Ultimately, our assessment and grading policies and practices send very strong messages about what matters in our classes; we must be diligent we are sending the messages we truly embrace.
Recalibrating grade scales (with a caveat) and no more averaging grades. Debates and policies about what numerical grades constitute each letter grade — such as whether a 90, a 93, or a 94 is the lower end of the A-range — are little more, to me, than rearranging chairs on the deck of the Titanic.
Instituting uniform grade scales in schools, districts, or entire states is unlikely to produce the results proponents claim; however, some policy moves concerning grades are both warranted and highly controversial — such as creating a floor score (such as a 50 or 62) for an F.
Low numerical summative grades and the flawed practice of averaging grades have very negative consequences for students — the worst of which is creating a statistical death penalty for students early in a course that may encourage those students to stop trying.
Creating a floor grade on F’s is instructionally and statistically sound, then, but only if combined with the minimum requirement concept discussed above. In other words, converting a zero to 50 or 62 when a student does poorly on an assignment is not the same thing as converting a zero to 50 or 62 when a student submits no work at all.
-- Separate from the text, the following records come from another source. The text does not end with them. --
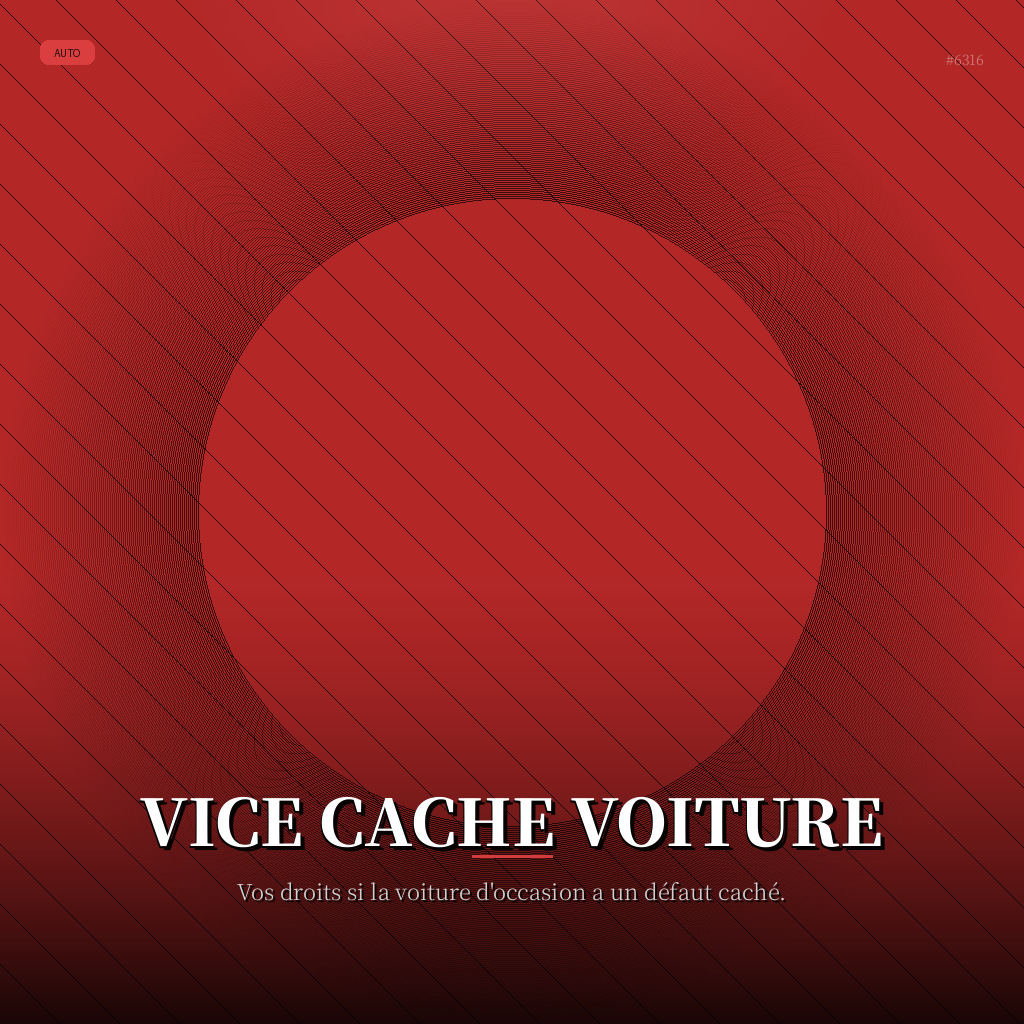 Vice Cache Voiture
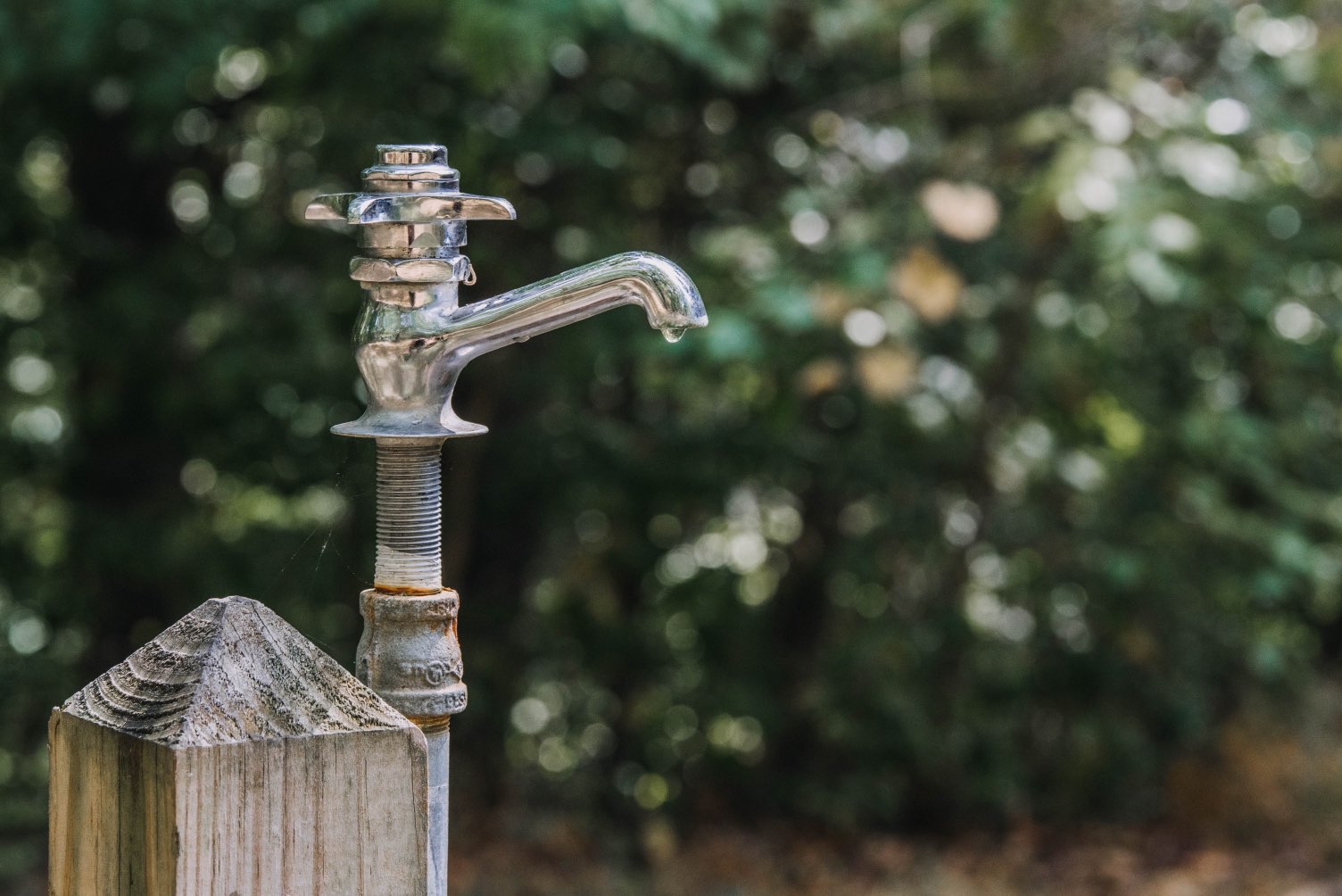 Water heater and plumbing fixtures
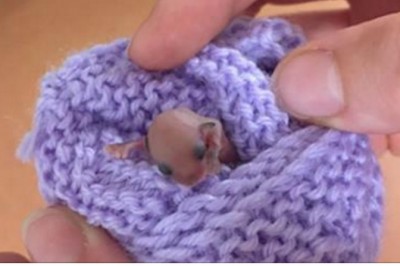 Te maleństwa znaleziono na skraju śmierci! Każdy był zaskoczony gdy zobaczyli co z nich wyrosło!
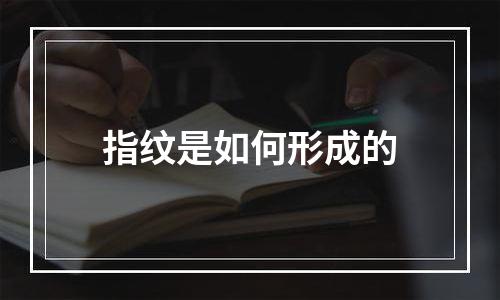 指纹是如何形成的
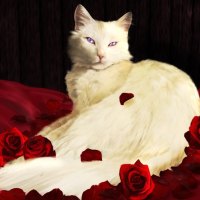 âœ¼.White Cat & Red Roses.âœ¼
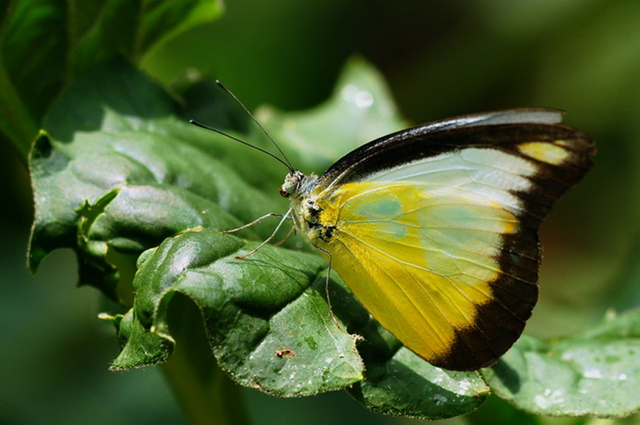 蝴蝶生活习性，蝴蝶王国（蝴蝶的生活环境和特点）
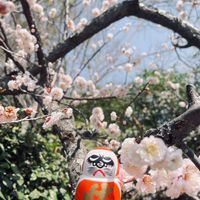 IVY🇯🇵連線代購 5/23～6/1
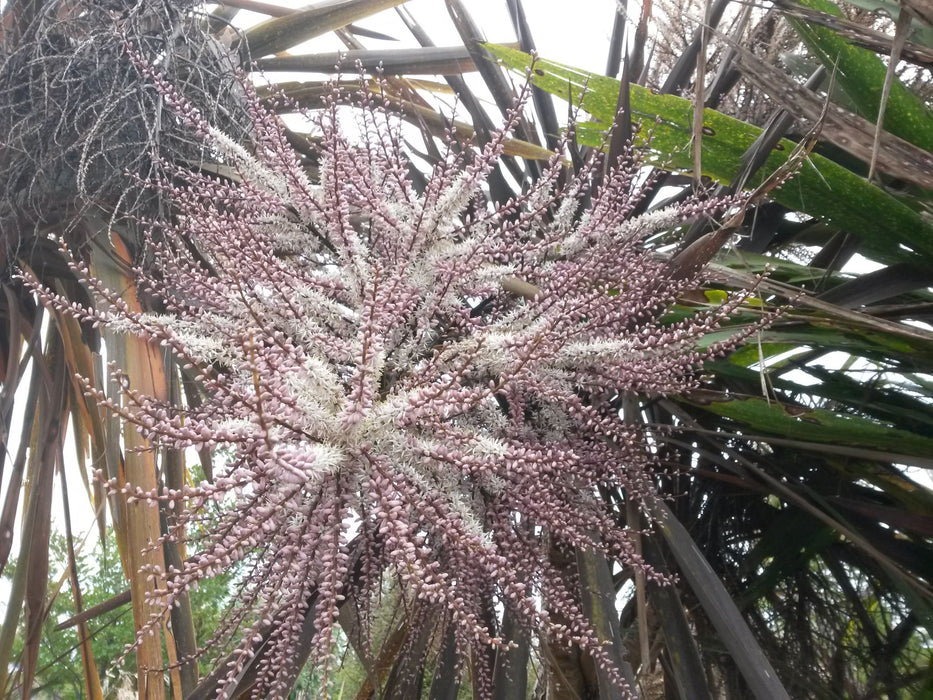 100x Purple Cabbage Tree - $2.99 each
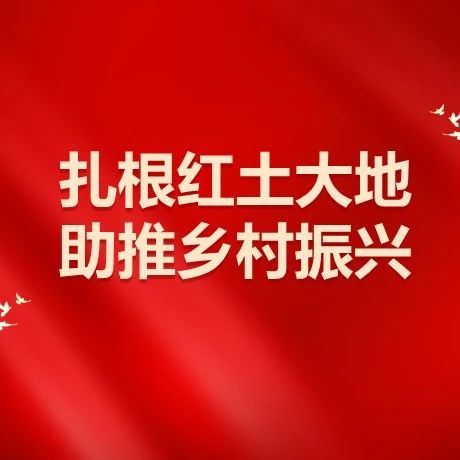 “三亮一促”树标杆 塑造党员新形象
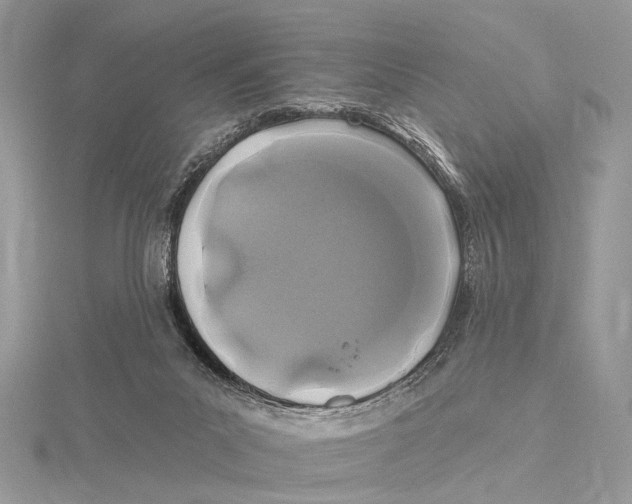 X0000115530023200912040959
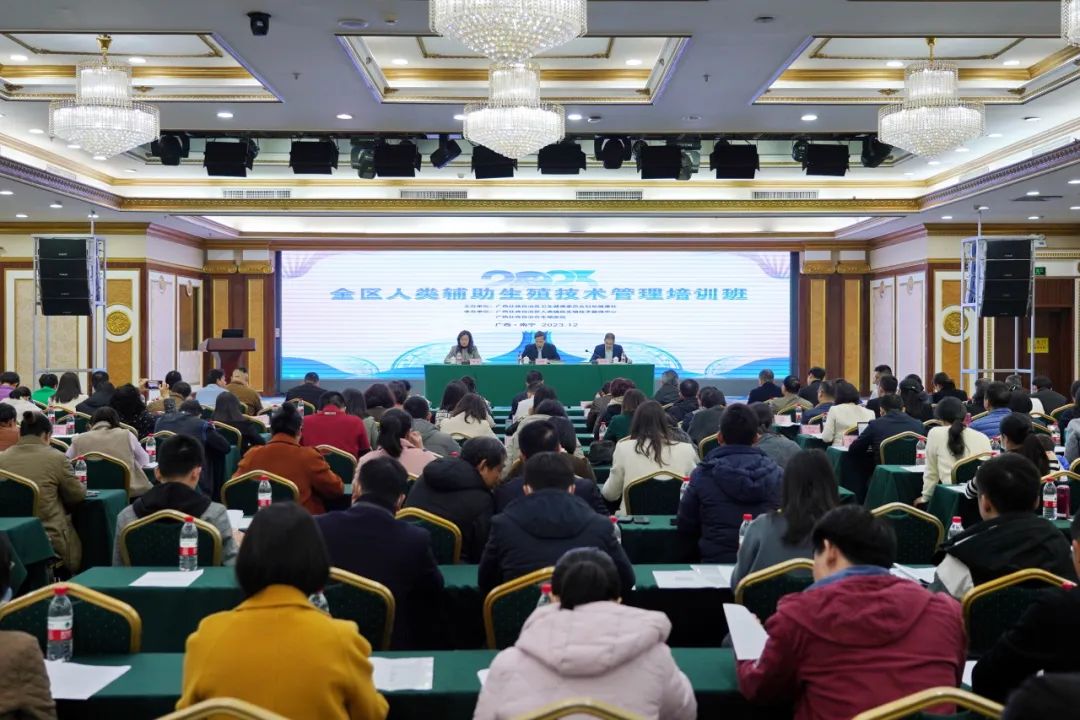 日征月迈，岁律更新——回顾2023年
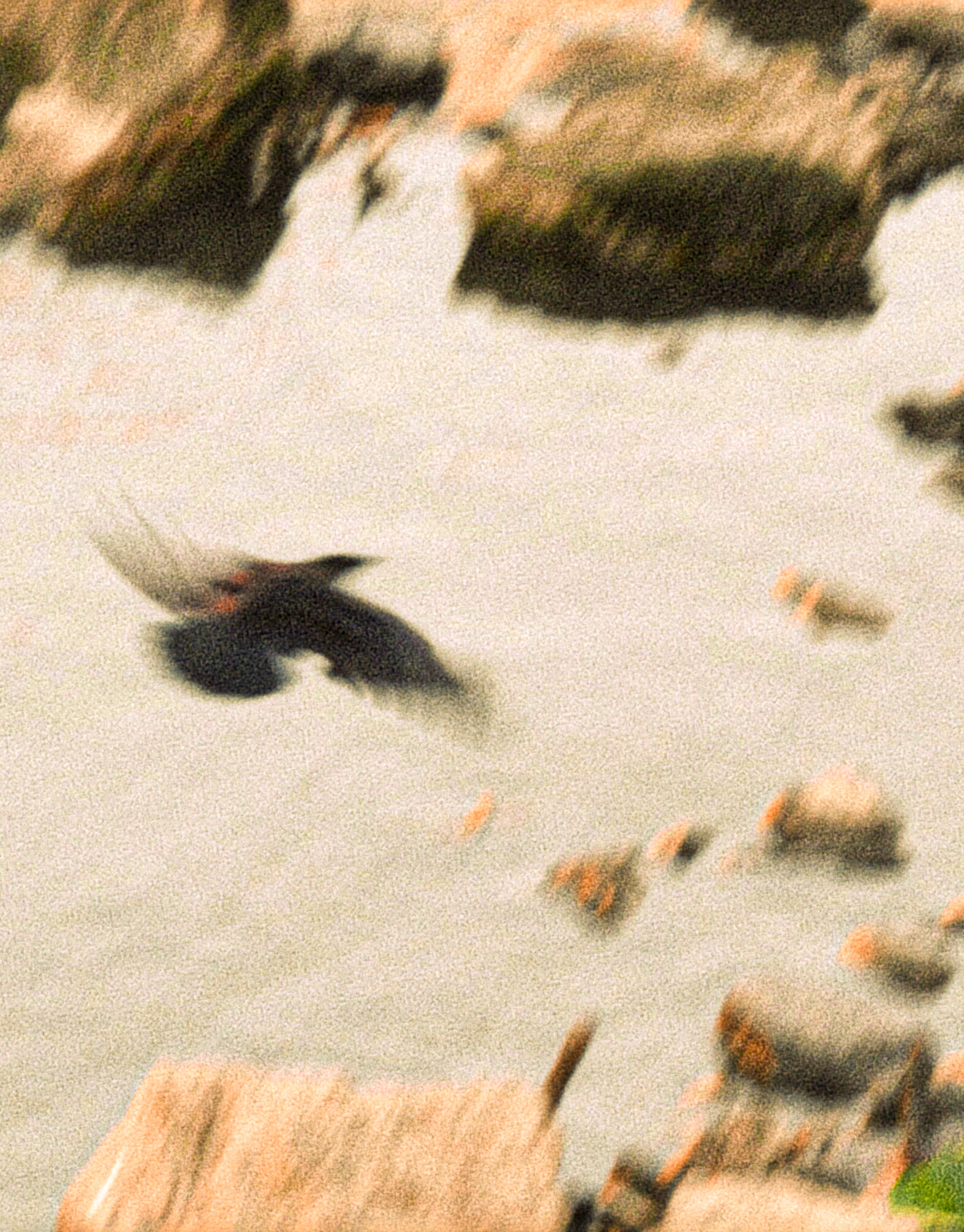 Projet hors série de Jules Bernard - image montagne 3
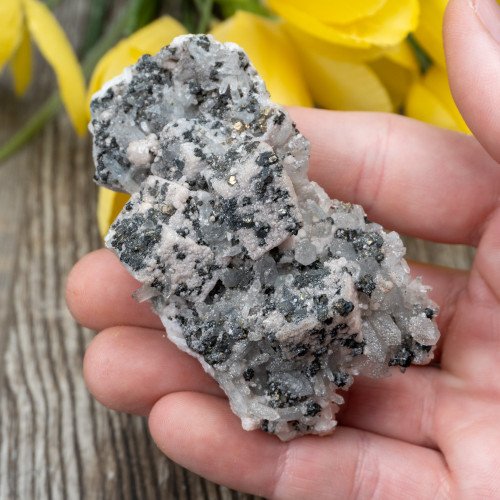 Mangano Calcite on Quartz with Pyrite #1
The latter must not be allowed since students can game the system by doing no work until late in the grading period and depending on averages to produce a passing grade for the course.
Therein lies the failure of averaging grades.
Averages skew the weight of grades earned while learning instead of honoring the assessment or assessments after students have had ample time to learn, practice, and create a showcase artifact of learning.
As well, averages are not as representative of reality as modes, for example. Consider the following grades earned by a student: 10, 10, 85, 85, 85, 85, 85, 85, 100, 100.
The average for these grades is 73, but the mode is 85, and if these grades are earned in this order (10 early and the 100 last) on cumulative assessments, the 100 is also a potentially fair grade.
Grade and grade scales, then, are incredibly flawed in their traditional uses. Combining a revised, equitable numerical/letter grade structure (with minimum requirements of participation included) and choosing modes over averaging or portfolio assessment instead of averaging is recommended if de-grading is not an option.
The concepts above about rethinking assessment are effective ways to interrogate current assessment practices, and they are urgent for improving literacy instruction.
I do urge seeking ways to de-grade and de-test the classroom regardless of what is being taught, but in the real world, I recognize that goal may seem impossible.
The ways I offer above to rethink assessment, I believe, are quite practical and certainly are justifiable once we consider if and how our assessment practices do or don’t reflect our teaching and learning goals.
And thus: “A critical pedagogy asks us to reconsider grading entirely,” argues Sean Morris, “and if we can’t abandon it whole-hog, then we must revise how and why we grade.”